*** Opening of Record set ***
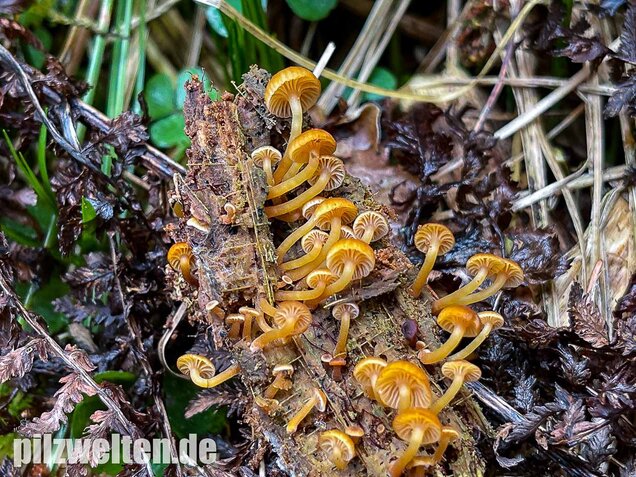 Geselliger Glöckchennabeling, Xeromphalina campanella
*** Close of Record set ***
*** Opening of Record set ***
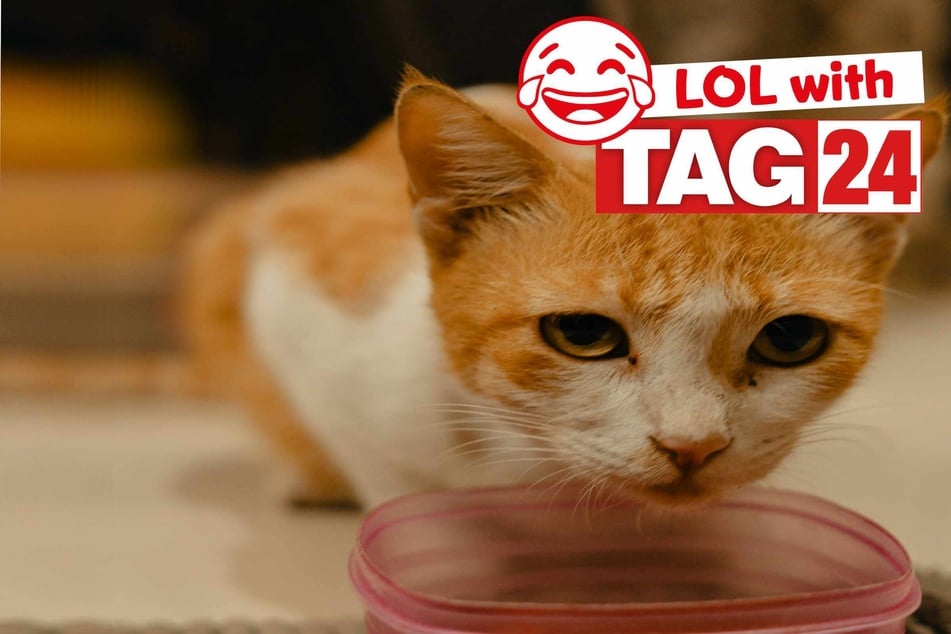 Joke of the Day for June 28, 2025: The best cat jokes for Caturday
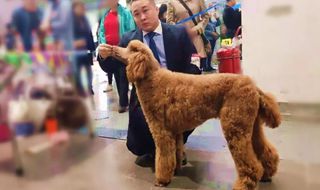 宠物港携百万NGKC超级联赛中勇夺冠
*** Close of Record set ***
**Exercise description**
Only the lines above from the one with "Joke of the" to the one with "宠物港携百万NGKC超级联赛中勇夺冠" should be printed, both included and exactly as written; no picture belongs in the copy.

**Answer section**
 Joke of the Day for June 28, 2025: The best cat jokes for Caturday
 宠物港携百万NGKC超级联赛中勇夺冠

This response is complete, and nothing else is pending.